Avec sagesse, les jésuites n'acceptaient pas qu'on prononçât des vœux définitifs et qu'on accédât à la prêtrise avant l'âge de vingt-cinq ans. À vingt-quatre ans, Cavelier, voyant arriver l'échéance, demande très officiellement, en exposant franchement ses raisons, à rentrer dans le monde. Le perinde ac cadaver, qui est l'obligation absolue du jésuite, lui répugne. Jamais il n'abdiquera comme un cadavre devant qui que ce soit. Robert n'est pas doué pour l'obéissance. Ni pour la diplomatie ni pour le dialogue. C'est un individualiste forcené, qui n'accorde que rarement sa confiance. « Moi, dis-je, et c'est assez ! » aurait-il lancé à l'un de ses compagnons, et quand le dévoué Joutel, un ami inconditionnel, voudra un jour risquer un avis alors que l'expédition patauge dans le delta du Mississippi, il s'entendra répondre sèchement : « Je n'ai pas emmené des conseilleurs avec moi ! »

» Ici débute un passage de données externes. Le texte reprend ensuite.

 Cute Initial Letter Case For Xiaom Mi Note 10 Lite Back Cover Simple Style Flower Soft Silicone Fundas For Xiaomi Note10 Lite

Dans une lettre du 22 août 1682, écrite alors qu'il vient de regagner Québec après la prise de possession de la Louisiane, l'explorateur, déjà en butte aux incrédules, aux jaloux et aux critiques ignares, qui jugent sa découverte des bouches du Mississippi inutile, se définit avec lucidité face à l'incompréhension que sa personnalité suscite :
« Pour ce que vous me dites de mon extérieur, je le reconnais assez moi-même. Mais naturam expellas et outre qu'il faudrait plus de confiance que je n'en ai pour demeurer égal au milieu de tant d'incidents différents, les domestiques n'ont guère le droit de se plaindre de ces sortes de défauts, quand ils ne leur font point endurer de violences ; et si je manque d'ouvertures ou de caresses pour ceux que je fréquente, c'est uniquement par une timidité qui m'est naturelle et qui m'a fait quitter plusieurs emplois où j'aurais pu réussir sans cela, mais auxquels, me jugeant moi-même peu propre à cause de ce défaut, j'ai choisi une vie approchant à mon humeur solitaire, qui n'a cependant rien de rude pour mes gens7. »

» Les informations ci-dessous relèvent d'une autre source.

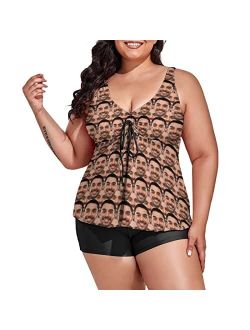D-Story Custom Plus Size Swimsuits for Women Modest Tankini Bathing Suits, Face Personalized Two Piece Swimsuit Tummy Control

Toutefois ce constat, qui fait la part belle à la timidité et au goût de la solitude, passe sous silence l'autoritarisme. C'est l'autoportrait d'un homme mûr, qui vient de réaliser la première de ses ambitions : prolonger, au long du Mississippi, la Nouvelle-France jusqu'au golfe du Mexique. Reste à savoir comment il y a réussi.

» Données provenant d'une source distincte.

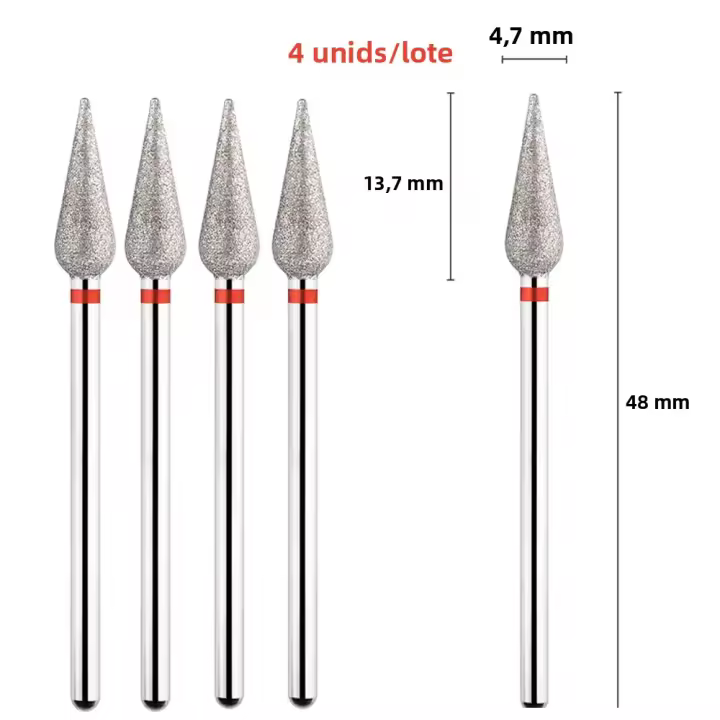 Cutter De Diamante Para Manicura Y Pedicura Accesorio Para Taladro Eléctrico De Uñas Herramienta De Eliminación De Gel De 4 Piezas - 1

1 Cette gravure coloriée est la propriété de The Historic New Orleans Collection, New Orleans, Louisiana.
2 Il tombe en moyenne mille cinq cents millimètres d'eau.
3 On situe aujourd'hui ce lieu près de Venice, à environ cent quinze kilomètres au sud de La Nouvelle-Orléans.
4 L'ancienne orthographe, avec un seul p, a volontairement été respectée dans les citations.
5 Aujourd'hui lycée Corneille.
6 L'Amirauté constituait avec la Connétablie et les Eaux et Forêts les juridictions dites de la Table de marbre. Ces tribunaux tiraient leur nom de la table placée dans la grande salle du Palais autour de laquelle ils siégeaient.
7 Lettre citée par Léon Lemonnier dans Cavelier de La Salle et l'exploration du Mississippi, Gallimard, Paris, 1942.